Theory overview¶
This part of the documentation describes the underlying theory and techniques used by this software, some of which are original.
The objective of this software is to ensure implementations of VC-2 use a sufficient number of bits in their arithmetic to avoid integer wrap-around or saturation errors. The examples below show the effects of insufficient bit depth in a real VC-2 codec:
Though the Discrete Wavelet Transform (DWT) underlying VC-2 is linear, the integer arithmetic and quantisation make VC-2 a non-linear filter. Computing the worst-case signal ranges for non-linear filters is not practical in general. Instead, as discussed in Related work, implementers typically resort to either wasteful over-allocation of bits or error-prone empirical testing to determine the number of bits required.
This software uses Affine Arithmetic (AA), as described in Computing signal bounds with Affine Arithmetic, to find hard upper-bounds on signal ranges. While AA-based bounds are guaranteed not to under-estimate the true signal range, they typically over-estimate the true signal range.
The magnitude of the over-estimates produced by AA is strongly related to the magnitude of the non-linearity in the filter. In an analysis filter, for example, the only non-linearities arise from rounding errors which tend to be small, making the AA over-estimate small as well. Quantisation, however, can introduce substantial errors and so, post-quantisation, AA tends to produce fairly large over-estimates. This effect is quantified in Quantisation and affine arithmetic.
In Refining worst-case quantisation error bounds, a refinement to the way the worst-case bounds of VC-2’s quantiser are calculated is presented, reducing the over-estimates produced by AA.

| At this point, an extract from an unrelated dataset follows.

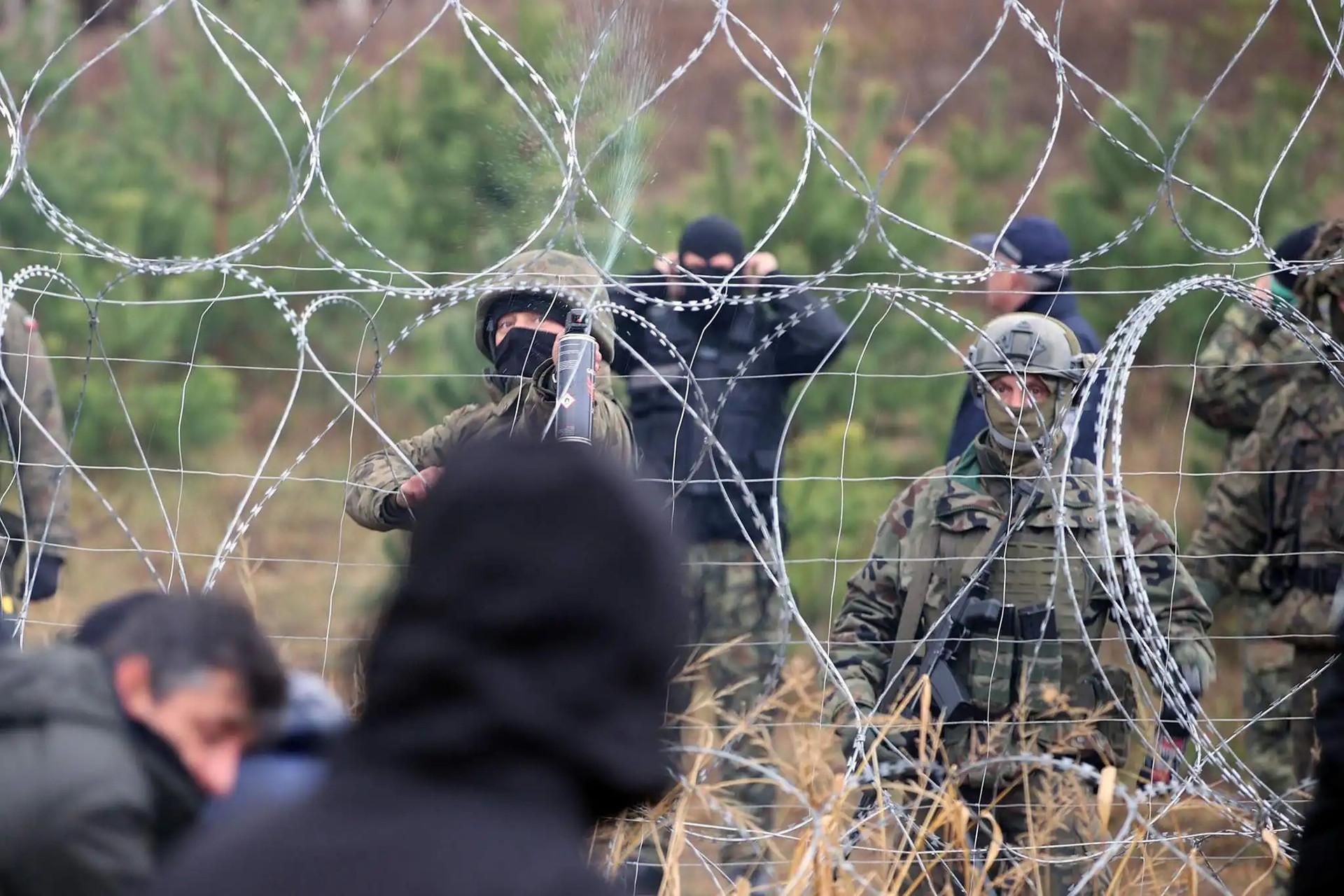 Hành trình gian khổ của những người tị nạn tại biên giới Ba Lan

Since AA produces large over-estimates, this software also attempts to generate synthetic test patterns which elicit realistic, near-worst-case signal values. These test signals are generated by an original heuristic described in Test pattern generation. These test patterns have been found to produce significantly larger signal values than natural images or random noise in practice in experiments described in Experimental results.